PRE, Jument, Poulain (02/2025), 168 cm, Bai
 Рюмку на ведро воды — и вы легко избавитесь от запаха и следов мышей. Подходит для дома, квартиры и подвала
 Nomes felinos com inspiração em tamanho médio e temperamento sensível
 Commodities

# Try it
Quote each line above in full, word for word.

# The completed task
PRE, Jument, Poulain (02/2025), 168 cm, Bai
 Рюмку на ведро воды — и вы легко избавитесь от запаха и следов мышей. Подходит для дома, квартиры и подвала
 Nomes felinos com inspiração em tamanho médio e temperamento sensível
 Commodities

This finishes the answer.